··· Records shown

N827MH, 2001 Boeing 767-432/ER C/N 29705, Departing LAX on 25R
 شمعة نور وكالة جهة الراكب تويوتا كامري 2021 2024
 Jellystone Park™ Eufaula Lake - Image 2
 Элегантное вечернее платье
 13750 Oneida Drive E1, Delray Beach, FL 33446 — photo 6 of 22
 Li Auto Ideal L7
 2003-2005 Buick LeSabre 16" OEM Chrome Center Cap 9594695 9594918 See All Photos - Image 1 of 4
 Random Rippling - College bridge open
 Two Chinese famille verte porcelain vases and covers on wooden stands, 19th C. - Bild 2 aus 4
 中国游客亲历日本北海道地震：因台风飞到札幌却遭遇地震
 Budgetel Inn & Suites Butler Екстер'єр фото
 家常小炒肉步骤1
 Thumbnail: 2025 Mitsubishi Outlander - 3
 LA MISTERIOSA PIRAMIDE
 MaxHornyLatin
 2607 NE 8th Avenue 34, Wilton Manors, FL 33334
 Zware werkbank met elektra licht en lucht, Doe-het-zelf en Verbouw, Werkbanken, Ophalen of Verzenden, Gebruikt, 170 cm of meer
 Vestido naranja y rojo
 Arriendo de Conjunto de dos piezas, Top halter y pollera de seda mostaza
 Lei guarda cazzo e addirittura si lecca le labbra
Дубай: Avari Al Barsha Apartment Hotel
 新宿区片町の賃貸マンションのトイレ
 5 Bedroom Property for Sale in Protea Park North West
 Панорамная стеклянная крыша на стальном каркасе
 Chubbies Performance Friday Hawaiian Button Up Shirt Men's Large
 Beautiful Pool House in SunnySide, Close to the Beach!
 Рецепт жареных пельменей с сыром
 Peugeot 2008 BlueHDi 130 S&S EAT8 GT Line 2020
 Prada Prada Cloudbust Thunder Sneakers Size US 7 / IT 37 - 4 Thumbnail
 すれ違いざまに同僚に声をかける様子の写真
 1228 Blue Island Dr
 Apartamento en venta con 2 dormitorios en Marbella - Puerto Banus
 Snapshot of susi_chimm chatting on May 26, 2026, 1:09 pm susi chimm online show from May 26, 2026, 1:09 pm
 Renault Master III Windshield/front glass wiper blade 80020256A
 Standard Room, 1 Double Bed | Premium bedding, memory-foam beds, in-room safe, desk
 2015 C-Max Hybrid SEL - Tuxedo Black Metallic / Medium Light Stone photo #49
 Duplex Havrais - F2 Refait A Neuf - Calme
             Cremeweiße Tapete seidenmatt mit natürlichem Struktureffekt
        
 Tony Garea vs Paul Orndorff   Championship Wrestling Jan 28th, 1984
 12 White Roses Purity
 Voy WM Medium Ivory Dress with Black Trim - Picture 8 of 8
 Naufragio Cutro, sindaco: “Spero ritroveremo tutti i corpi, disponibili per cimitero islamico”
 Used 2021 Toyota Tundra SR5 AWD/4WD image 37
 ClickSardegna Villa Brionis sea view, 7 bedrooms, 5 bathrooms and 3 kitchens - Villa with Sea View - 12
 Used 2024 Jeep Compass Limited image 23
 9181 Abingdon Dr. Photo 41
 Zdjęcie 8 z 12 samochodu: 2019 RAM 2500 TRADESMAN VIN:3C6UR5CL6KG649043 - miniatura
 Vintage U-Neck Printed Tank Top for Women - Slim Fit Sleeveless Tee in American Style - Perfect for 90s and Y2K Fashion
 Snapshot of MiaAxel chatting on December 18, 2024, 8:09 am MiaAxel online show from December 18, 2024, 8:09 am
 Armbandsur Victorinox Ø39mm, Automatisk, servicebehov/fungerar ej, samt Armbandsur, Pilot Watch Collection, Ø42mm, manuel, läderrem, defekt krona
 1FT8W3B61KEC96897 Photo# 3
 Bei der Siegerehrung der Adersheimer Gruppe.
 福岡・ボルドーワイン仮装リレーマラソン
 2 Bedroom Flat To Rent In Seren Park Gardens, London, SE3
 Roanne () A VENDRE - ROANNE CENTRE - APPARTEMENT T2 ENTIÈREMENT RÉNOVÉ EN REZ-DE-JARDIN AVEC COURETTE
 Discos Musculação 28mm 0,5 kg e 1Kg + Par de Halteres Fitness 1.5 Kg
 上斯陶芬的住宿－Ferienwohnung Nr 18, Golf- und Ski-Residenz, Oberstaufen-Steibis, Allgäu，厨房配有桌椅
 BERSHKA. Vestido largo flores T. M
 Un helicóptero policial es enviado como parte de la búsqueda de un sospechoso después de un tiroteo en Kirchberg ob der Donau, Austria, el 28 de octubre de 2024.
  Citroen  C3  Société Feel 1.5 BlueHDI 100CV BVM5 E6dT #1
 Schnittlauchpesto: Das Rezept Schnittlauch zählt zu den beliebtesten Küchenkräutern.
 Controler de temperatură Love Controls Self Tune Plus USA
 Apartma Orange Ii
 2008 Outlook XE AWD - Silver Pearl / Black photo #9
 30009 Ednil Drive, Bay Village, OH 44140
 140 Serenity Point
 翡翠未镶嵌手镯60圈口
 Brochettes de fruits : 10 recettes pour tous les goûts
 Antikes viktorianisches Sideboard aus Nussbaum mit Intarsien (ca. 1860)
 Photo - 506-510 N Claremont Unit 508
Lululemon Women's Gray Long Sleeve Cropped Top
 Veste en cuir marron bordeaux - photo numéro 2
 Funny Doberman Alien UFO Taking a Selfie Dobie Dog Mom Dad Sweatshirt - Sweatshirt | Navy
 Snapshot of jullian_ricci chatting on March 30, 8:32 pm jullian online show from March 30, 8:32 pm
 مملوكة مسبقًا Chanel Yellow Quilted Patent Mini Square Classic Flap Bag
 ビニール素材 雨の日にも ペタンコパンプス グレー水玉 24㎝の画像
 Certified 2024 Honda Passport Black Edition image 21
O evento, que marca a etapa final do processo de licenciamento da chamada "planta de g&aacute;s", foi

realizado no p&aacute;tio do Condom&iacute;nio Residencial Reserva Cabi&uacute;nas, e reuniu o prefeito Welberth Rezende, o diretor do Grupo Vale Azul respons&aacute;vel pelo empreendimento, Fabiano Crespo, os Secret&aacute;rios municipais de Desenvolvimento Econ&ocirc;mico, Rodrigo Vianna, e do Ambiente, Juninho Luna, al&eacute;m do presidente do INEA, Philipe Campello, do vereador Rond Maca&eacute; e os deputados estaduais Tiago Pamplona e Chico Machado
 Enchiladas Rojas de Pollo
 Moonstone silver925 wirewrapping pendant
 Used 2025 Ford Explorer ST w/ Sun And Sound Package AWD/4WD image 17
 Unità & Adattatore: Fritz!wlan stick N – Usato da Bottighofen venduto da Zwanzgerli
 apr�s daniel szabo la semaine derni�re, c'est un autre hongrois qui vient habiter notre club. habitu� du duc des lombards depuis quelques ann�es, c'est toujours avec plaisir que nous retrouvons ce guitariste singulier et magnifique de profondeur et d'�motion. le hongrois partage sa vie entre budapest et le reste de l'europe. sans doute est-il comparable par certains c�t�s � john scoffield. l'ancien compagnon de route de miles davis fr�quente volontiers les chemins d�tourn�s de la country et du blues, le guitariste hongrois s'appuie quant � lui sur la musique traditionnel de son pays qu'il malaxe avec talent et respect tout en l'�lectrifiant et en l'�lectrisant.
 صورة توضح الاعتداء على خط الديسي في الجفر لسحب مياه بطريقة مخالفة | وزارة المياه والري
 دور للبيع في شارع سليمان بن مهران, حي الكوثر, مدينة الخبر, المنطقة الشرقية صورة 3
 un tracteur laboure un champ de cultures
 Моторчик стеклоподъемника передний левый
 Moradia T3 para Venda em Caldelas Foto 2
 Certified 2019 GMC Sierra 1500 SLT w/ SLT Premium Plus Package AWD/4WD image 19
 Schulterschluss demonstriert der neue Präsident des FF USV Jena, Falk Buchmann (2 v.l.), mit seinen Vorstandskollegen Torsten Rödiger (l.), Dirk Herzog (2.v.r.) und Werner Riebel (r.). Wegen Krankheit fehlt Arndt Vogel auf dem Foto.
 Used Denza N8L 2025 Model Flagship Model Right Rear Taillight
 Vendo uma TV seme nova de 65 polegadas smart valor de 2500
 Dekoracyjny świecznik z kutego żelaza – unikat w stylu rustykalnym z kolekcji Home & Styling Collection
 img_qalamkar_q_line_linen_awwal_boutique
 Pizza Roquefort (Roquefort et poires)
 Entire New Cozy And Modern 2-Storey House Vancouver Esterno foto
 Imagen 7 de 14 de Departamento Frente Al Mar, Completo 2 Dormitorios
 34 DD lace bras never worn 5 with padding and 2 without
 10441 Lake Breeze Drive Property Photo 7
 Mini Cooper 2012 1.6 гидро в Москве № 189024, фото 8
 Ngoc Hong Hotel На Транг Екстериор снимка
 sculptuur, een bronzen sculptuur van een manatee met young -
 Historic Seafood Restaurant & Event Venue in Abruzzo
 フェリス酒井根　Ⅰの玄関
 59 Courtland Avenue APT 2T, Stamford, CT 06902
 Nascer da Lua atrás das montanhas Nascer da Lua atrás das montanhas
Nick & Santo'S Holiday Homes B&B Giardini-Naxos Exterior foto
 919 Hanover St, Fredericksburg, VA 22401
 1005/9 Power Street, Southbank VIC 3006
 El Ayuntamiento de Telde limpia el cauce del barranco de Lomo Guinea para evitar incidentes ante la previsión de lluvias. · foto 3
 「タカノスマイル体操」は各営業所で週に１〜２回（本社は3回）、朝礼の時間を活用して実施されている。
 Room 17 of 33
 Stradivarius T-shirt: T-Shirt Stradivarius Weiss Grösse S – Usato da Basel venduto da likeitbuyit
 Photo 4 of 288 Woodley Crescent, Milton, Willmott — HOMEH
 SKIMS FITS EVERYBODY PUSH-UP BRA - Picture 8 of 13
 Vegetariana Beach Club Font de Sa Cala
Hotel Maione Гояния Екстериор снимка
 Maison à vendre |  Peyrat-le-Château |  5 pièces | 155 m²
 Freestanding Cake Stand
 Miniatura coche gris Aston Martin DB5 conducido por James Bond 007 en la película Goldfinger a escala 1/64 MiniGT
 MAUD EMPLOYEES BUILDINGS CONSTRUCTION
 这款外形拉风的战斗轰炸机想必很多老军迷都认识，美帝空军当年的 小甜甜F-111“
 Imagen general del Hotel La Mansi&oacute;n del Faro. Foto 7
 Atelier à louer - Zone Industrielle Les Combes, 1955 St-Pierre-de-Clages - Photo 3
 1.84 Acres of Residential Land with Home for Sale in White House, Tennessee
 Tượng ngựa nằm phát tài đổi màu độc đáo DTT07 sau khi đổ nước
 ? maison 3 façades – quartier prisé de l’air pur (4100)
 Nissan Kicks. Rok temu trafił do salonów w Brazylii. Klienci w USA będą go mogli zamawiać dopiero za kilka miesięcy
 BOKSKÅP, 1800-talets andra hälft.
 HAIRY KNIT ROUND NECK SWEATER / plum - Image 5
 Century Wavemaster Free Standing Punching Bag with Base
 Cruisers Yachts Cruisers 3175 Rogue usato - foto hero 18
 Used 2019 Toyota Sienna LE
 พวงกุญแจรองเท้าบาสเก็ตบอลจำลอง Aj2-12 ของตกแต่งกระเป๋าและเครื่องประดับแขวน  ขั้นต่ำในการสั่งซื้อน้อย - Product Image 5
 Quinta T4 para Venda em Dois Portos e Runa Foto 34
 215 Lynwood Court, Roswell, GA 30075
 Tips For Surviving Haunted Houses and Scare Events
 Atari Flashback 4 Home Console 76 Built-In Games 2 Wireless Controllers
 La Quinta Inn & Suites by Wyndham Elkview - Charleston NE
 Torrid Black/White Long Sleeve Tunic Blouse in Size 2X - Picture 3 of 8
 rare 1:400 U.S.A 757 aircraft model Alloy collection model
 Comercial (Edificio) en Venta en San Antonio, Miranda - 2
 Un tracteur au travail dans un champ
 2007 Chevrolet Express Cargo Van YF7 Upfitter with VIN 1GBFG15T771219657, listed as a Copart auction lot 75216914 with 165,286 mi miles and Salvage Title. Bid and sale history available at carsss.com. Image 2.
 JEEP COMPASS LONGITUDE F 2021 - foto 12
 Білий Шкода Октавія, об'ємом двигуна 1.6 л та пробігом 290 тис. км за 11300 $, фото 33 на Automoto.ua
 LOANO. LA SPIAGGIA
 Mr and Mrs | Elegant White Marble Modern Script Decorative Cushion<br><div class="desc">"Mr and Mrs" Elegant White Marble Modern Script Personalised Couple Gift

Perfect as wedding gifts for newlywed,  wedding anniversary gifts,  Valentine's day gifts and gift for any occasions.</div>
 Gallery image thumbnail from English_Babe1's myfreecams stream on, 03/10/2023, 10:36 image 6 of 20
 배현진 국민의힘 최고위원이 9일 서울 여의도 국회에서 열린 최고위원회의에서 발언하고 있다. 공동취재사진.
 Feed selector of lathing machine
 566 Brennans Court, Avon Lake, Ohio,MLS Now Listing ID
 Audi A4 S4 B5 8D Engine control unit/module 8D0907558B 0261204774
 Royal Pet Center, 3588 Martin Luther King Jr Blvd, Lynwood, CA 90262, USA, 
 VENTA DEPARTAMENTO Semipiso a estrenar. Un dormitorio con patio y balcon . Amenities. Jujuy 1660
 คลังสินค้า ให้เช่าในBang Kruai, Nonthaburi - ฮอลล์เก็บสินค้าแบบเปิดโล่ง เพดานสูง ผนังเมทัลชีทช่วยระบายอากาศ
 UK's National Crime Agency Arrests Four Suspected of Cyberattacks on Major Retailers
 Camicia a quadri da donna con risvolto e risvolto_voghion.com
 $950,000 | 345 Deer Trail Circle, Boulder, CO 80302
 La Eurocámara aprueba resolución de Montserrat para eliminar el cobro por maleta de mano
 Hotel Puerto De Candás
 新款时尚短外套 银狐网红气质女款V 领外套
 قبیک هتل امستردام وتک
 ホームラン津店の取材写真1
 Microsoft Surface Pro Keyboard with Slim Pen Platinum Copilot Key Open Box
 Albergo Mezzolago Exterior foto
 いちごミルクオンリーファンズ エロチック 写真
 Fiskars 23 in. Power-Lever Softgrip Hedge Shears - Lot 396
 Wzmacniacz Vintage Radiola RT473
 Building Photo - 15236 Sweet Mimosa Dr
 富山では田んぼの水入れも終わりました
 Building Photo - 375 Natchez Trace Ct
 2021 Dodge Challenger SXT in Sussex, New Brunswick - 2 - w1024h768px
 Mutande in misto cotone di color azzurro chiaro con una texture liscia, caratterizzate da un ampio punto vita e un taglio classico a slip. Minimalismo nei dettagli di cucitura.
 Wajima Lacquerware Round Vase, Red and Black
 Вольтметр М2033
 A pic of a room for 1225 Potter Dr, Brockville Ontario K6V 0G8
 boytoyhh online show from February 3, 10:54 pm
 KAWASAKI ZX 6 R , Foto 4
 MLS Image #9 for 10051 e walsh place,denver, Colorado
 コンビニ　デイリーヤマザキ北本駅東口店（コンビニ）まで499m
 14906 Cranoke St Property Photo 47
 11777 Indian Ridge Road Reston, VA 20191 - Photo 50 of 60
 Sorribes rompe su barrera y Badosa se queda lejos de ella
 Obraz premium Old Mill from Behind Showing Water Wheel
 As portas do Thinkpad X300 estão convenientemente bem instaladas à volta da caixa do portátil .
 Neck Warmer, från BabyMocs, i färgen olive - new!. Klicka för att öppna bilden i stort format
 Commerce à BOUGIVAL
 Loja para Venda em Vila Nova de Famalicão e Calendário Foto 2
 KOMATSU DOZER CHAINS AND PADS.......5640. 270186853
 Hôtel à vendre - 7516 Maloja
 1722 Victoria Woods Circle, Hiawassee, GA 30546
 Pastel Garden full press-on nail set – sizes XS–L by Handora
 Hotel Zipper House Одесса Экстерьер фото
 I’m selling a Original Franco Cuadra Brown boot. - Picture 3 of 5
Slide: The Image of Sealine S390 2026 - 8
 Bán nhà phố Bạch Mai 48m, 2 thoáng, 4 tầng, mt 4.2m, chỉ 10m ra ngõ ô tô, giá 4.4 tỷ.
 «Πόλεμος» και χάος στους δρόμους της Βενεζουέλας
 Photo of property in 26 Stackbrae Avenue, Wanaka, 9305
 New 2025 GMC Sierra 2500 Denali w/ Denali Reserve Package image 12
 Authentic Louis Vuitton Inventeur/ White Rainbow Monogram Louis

······

Looking through the records, copy out every line in which the word "Snapshot" is found.

> [Exercise output]
 Snapshot of susi_chimm chatting on May 26, 2026, 1:09 pm susi chimm online show from May 26, 2026, 1:09 pm
 Snapshot of MiaAxel chatting on December 18, 2024, 8:09 am MiaAxel online show from December 18, 2024, 8:09 am
 Snapshot of jullian_ricci chatting on March 30, 8:32 pm jullian online show from March 30, 8:32 pm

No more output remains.